Those are a few observations from my point of view. One point that was very telling was the analysis of the Belfast PCSP. In the survey, people were asked who they normally contact for policing and community safety concerns. Only 5·3% of respondents said that they contacted the PCSP. When asked whether they you understand the role and functions of the PCSP, 53·9% said no. That is after all the selling and the glossy brochures that were put into the community. It is obviously not being seen in the communities as the major factor that it is supposed to be.

Mr Dolan: I want to pick up on your point about the interaction at what you would call the tactical or operational level of statutory bodies. There have been some good examples of that, as you alluded to, after the corporate plan has been set. I went to a meeting in Carrickfergus, where there was a discussion about drop-in centres relating to drug abuse and so on. It was quite well attended in the context of PCSPs; there were 50 or 60 people there. It brought officials from the health board who certainly would have been involved at that high-level planning. It was interesting for them to experience the feedback at a lower level. I do not know how much of a difference it has made. That is one of our issues about measuring impact. However, it gave the opportunity for those people to be quizzed by the public or to face public concerns. Rolling it all up into a council committee may mean that the focus on it is lost among all the rest of the council business. That has to be weighed up when deciding whether PCSPs as a separate entity add value.

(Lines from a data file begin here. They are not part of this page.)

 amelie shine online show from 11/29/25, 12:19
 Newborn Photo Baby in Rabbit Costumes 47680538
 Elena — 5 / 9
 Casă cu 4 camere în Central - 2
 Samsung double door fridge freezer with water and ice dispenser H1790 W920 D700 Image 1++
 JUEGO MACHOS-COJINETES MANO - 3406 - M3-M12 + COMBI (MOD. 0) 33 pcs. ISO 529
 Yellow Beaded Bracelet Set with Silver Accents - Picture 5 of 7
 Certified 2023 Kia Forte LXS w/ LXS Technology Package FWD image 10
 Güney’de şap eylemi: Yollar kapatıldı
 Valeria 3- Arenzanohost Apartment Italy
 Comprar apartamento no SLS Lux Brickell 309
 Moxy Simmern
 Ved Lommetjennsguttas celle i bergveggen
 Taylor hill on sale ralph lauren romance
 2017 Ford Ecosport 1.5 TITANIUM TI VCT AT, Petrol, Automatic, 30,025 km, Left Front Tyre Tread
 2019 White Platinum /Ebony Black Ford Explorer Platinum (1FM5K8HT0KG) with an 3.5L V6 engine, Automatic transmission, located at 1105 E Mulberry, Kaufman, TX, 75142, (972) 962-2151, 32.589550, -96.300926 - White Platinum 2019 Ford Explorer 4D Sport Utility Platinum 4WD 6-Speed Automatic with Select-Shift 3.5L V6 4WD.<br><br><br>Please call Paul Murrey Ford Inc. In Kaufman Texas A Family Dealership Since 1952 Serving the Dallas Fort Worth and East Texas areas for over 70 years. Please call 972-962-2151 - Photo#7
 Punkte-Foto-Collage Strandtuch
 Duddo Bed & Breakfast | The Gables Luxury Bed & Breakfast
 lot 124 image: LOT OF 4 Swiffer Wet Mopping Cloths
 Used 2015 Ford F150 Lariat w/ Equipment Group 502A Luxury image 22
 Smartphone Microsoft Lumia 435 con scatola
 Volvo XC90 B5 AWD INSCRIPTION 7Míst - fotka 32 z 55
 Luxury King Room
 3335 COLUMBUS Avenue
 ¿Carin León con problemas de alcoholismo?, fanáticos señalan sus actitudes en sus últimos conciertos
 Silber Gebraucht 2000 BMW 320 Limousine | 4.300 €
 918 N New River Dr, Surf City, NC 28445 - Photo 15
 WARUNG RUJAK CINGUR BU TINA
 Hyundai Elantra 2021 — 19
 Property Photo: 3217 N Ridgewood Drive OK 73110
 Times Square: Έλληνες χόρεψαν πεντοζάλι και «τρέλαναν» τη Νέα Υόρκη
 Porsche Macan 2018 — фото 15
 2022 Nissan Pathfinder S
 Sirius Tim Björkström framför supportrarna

Mr McGlone: Would you take the point about the police and how senior officers approach the accountability or otherwise of the body that they are dealing with and how they respond and adapt and come back to the communities about that? The most basic PR in the police and getting back to people has been incredibly bad in some areas. That applies to other statutory agencies. I am sure that there is not an elected representative in this room who has not encountered the really good, effective and efficient examples of that. It may only take someone to pick up the phone and say, "We are working on that. We will get back to you". Likewise, with those PCSPs and other bodies, be it the Housing Executive, health trust or whatever, their response in getting back and the effectiveness or otherwise of that can depend a lot — almost entirely in some instances — on the senior official. Usually, when there is no response or a mediocre or awful response, it goes back to the elected representatives, and a special council meeting or an Assembly Committee is called to hold them to account.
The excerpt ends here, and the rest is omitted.